If, after reviewing your accounts export, you see some you want to change, just go to the Accounts List, hover over the account and click Edit. Then select the category that best fits your account activity from the Schedule C reporting categories menu. If the account is not tax-related, then you can select “None.”
Changes to Your Accounts
Prior to the release of this report, there was a single expense account in our pre-defined set of accounts for recording Travel, Meals and Entertainment expenses. Because the IRS lets you only deduct 50% of qualifying meals, we have split up the account to match the IRS Form Schedule C.
- If you had not previously made any changes to that account, you will see that it is now a parent account of 2 new accounts: 1) Travel and 2) Meals and Entertainment. To ensure accuracy of the Schedule C report, please use the Meals and Entertainment account to track expenses for meals that qualify for the 50% deduction.
- If you had previously made changes to that account (either by changing the account name, or creating your own child accounts within it) we did not add the new accounts. To ensure accuracy of the Schedule C report, please make sure to map the account you are using to track expenses that qualify for the 50% deduction is mapped to the Schedule C reporting category Travel, meals, and entertainment: Deductible meals and entertainment.

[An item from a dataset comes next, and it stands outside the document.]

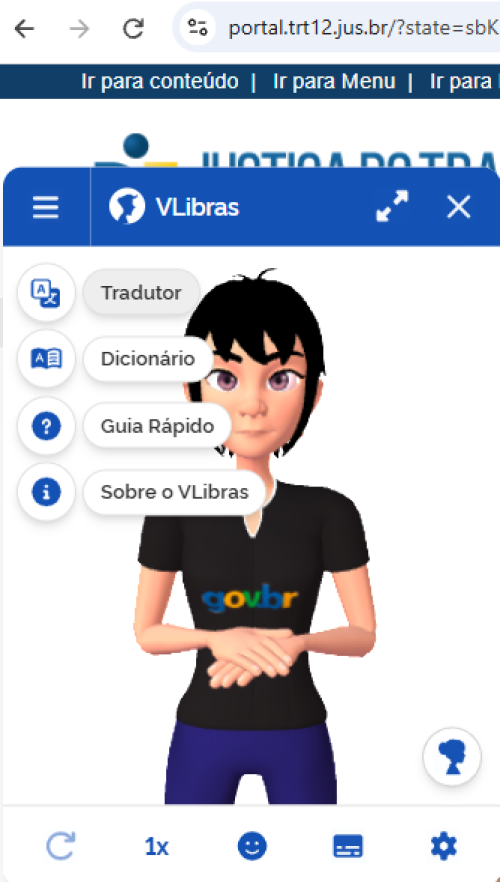 Para todos verem: Imagem do VLibras no portal do TRT-SC na opção “Tradutor”.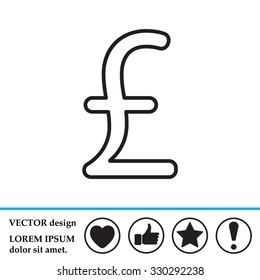 sterling sign, vector design for website, line icon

If you have changed the names of other applicable accounts in our pre-defined set of accounts or added your own, we have assigned the “Other” category to the account per Type. For example, if you changed the expense default account “Advertising” to “Marketing & Advertising” then we selected “Other Expense” as the Schedule C category. Please review these assignments and change them as appropriate.
The Cost of Goods Sold Account
When designing the Schedule C report, we took a look at how we were currently handling cost of goods sold. For Schedule C reporting purposes, WorkingPoint reports cost of goods sold for inventory items through reporting the change of inventory, therefore you do not assign a category to the Cost of Goods Sold (COGS) protected account. This means we don’t take the amount recorded in the COGS account and simply add it to the report line. The value for costs associated with inventory is reported by the change in inventory. Because of this, anything you add to the COGS account outside of the intended purpose – tracking COGS from the sales of inventory – will not display in the report. It will still be included on your Income Statement (P&L) but it won’t be included on this report.
To help ensure accuracy of your report, we have limited the use of your COGS account and its availability in the account selector menus. You can still use the cost of goods sold account using the adjusting entry form. But we recommend that you use other cost of sales accounts to track the costs for non-inventory related stuff like labor or things you just don’t want to track because you don’t store it in inventory. If you use another cost of sales account, it will show as part of your total cost of goods sold on the Schedule C report and your Income Statement.
If you have used the Cost of Goods Sold account for transactions other than the system’s recording of the cost at time of sale or inventory adjustments, we recommend that you use the Move Entries feature to move the entries from the Cost of Goods Sold account to another Cost of Sales account so that your costs will be included in your Schedule C report.